В-третьих, Ломоносов в 1764 г. дал решительный отпор его этимологическим безобразиям - попыткам нарочито выводить, с целью демонстрации «научности» норманской теории, русские слова из германских языков (например, производство слов «князь» от немецкого «Knecht» - холоп, «дева» либо от немецкого «Dieb» - Bop, либо нижнесаксонского «Tiffe» - сука, либо голландского «teef» - сука, непотребная женщина, название которой не каждый мужчина решится произнести). Ознакомившись с такими оскорбительными - а подобные «словопроизводства» заденут честь любого народа - для русского человека «открытиями» Шлецера, как его обычно представляют в норманистской литературе, выпускника «университетской школы», да еще выросшего, по собственному его признанию, «на филологии», Ломоносов, отметив его «сумасбродство в произведении слов российских», заключил, что «каких гнусных пакостей не наколобродит в российских древностях такая допущенная в них скотина»[62].
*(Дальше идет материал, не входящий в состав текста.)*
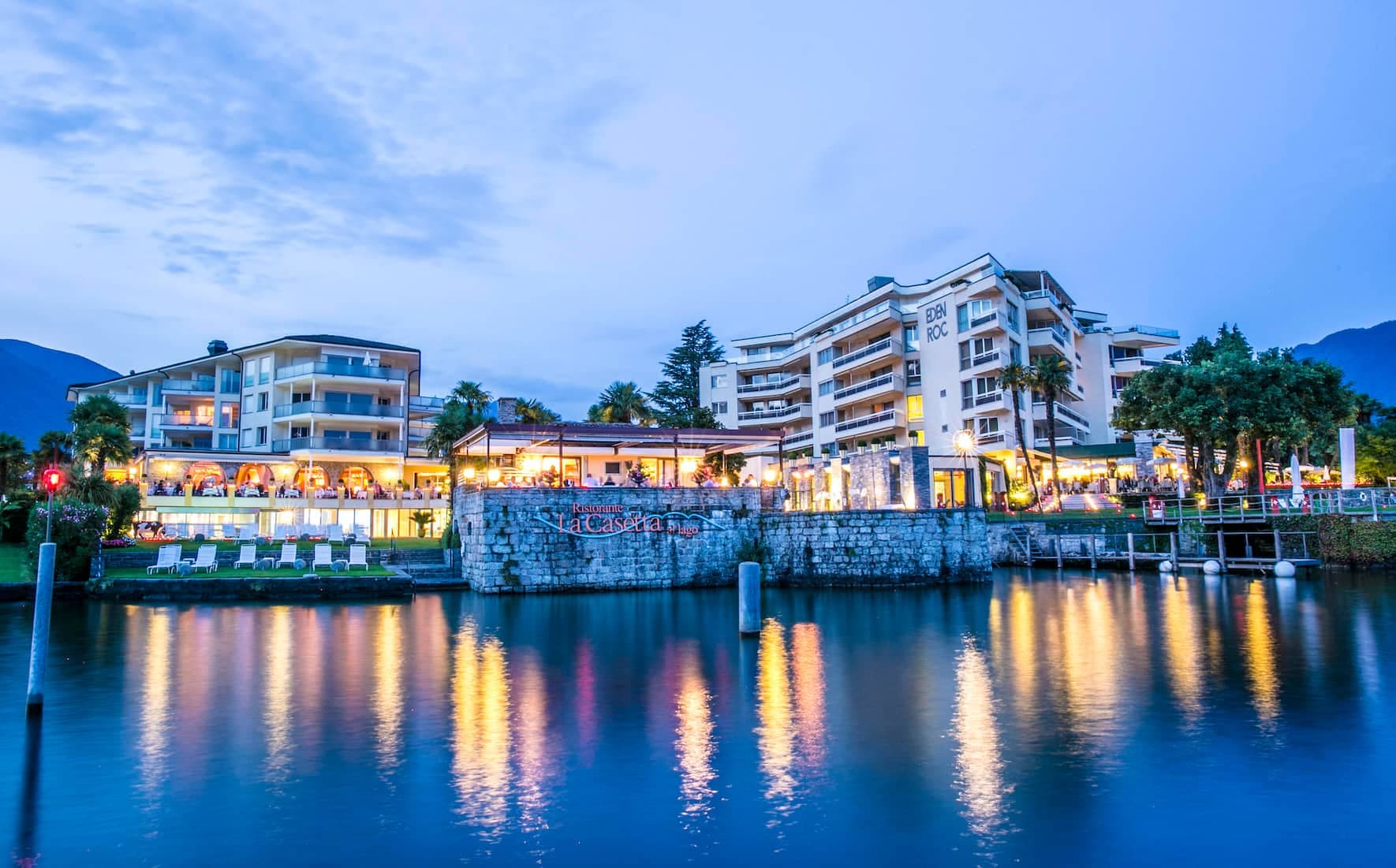 Hotel Eden Roc Ascona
Как норманист В.О.Ключевский хотя и считал, что Ломоносов «до крайности резко разобрал» «Русскую грамматику» Шлецера, но в то же время как ученый полностью признал его принципиальную правоту. «Действительно, - говорил он, не скрывая своего искреннего недоумения, проистекавшего из созданного именно нашей наукой культа Шлецера,- странно было слышать от ученика Михаэлиса такие словопроизводства, как боярин от баран, дева от Дiев, князя от Knecht» (еще до Ключевского норманист Пекарский констатировал, что в грамматике Шлецера «нашлось не мало такого, с чем никак не согласятся записные филологи. Ломоносов, когда ему удалось прочитать это произведение, несмотря на недостаток строго филологической подготовки, при одном практическом знании родного языка, легко отыскал ошибки и промахи Шлецера»)[63].
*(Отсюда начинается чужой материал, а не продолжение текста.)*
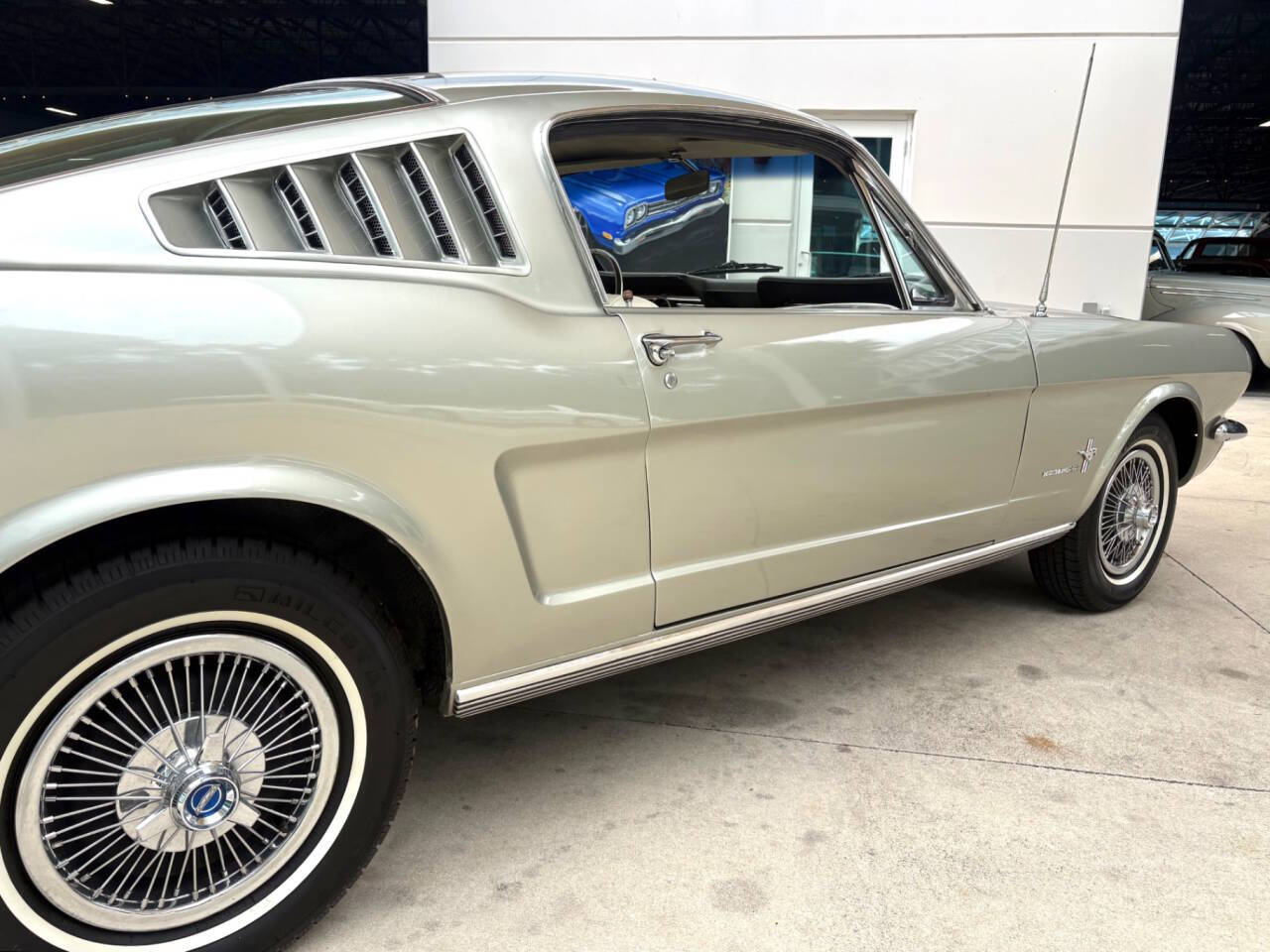 1966 Ford Mustang 17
А «странные» словопроизводства Шлецера имеют свои корни. В бытность его проживания в Санкт-Петербурге в доме Миллера в 1761-1762 гг. последний, отмечал в 1882 г. К.Н. Бестужев-Рюмин, «никак не мог помириться со сравнительным методом, вынесенным Шлецером из Геттингена, и бранил его Рудбеком (шведский ученый, отличавшийся смелыми и странными словопроизводствами)». Имя шведского норманиста XVII в. О. Рудбека сделалось в науке нарицательным, ибо он, дойдя в своей необузданной фантазии, зацикленной на прославлении своего Отечества, до мысли, что Атлантида Платона есть древняя Швеция и что она, являясь «прародиной человечества», сыграла выдающуюся роль в мировой истории, в том числе древнерусской, «доказывал» эти норманистские бредни переиначиванием древнегреческих и русских слов в скандинавские. Как подчеркивал в 1856 г. С.М.Соловьев, Рудбек своими словопроизводствами, основанными «на одном только внешнем сходстве звуков», возбуждал «отвращение и смех в ученых». Современные шведские исследователи, в частности, Ю. Свеннунг и П. Бейль указывают, что Рудбек «довел шовинистические причуды фантазии до вершин нелепости» и что его эмпиризм «граничил с паранойей»[64].
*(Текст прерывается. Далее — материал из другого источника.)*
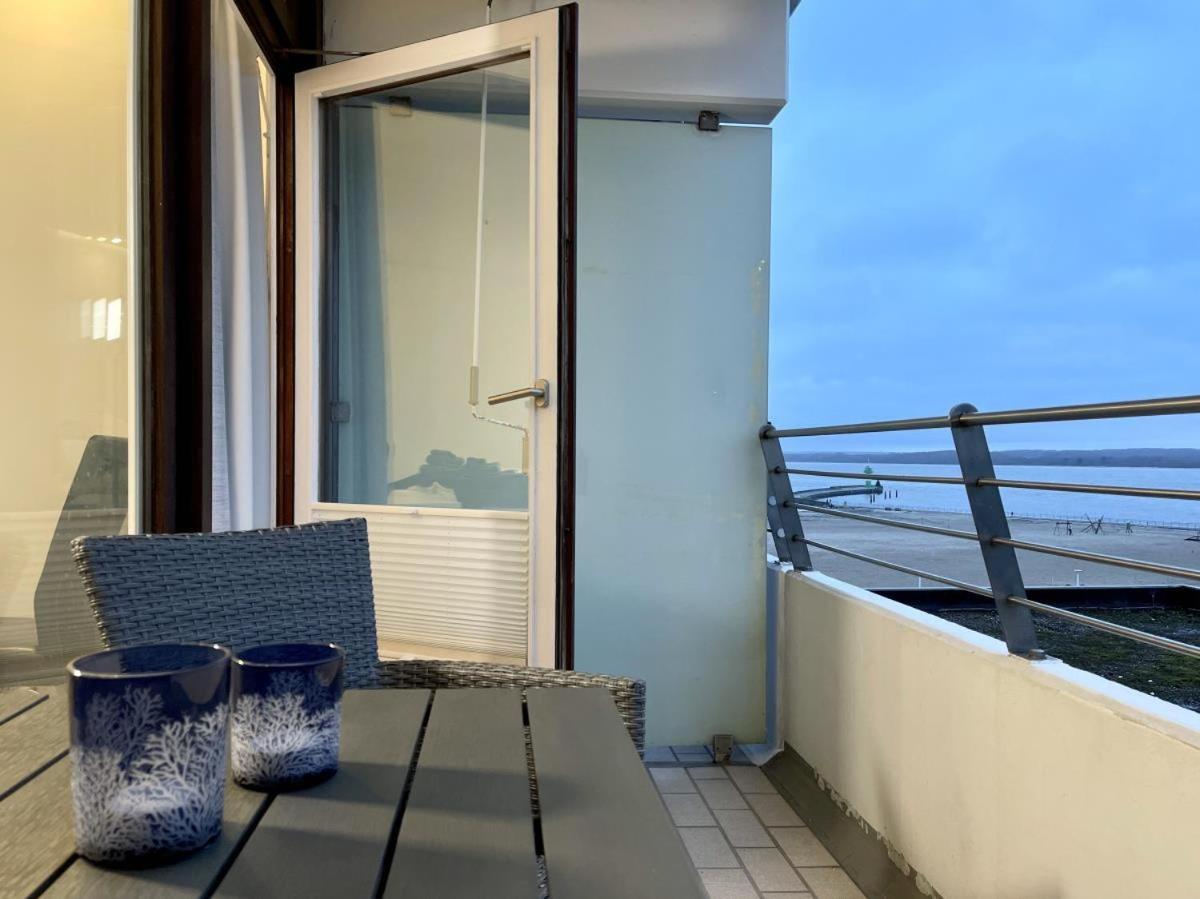 Maritim Residenz 6 - Sea Lounge Apartment Lübeck Exterior foto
Но то, что видели Миллер, Соловьев, Пекарский, Бестужев-Рюмин и Ключевский, категорично не желает видеть основная часть норманистов, которая с неподдельным возмущением осуждает Ломоносова в случае с его оценкой «Русской грамматики» Шлецера. Как, например, утверждал в 1904 г. С.К. Булич, немецкий ученый «неоспоримо» превосходил Ломоносова широтой филологического и лингвистического образования, проницательностью взгляда, а враждебные отношения Ломоносова к нему «развились на почве научного соперничества сначала в области русской истории, а затем уже в русской грамматики». При этом защитники Шлецера - даже в таком очевидном его отступлении от науки - не принимают в расчет того факта, что «разнос» Ломоносова весьма благотворно сказался на их кумире. Ибо он уже в 1768 г., спустя всего четыре года после своего фиаско с этимологическими «опытами» в области русского языка, сам и абсолютно по делу учил «уму-разуму» современных ему исследователей, с ловкостью фокусников создававших любые «лингвистические аргументы», посредством которых с той же ловкостью ими возводились многочисленные эфемерные конструкции, засорявшие науку «Неужто даже после всей той разрухи, - искренне негодовал Шлецер, - которую рудбекианизм учинил, пройдясь по древним векам, они все еще не устали творить из этимологий историю, а на простом, может быть, случайном совпадении слов выстраивать целые теории?»[65].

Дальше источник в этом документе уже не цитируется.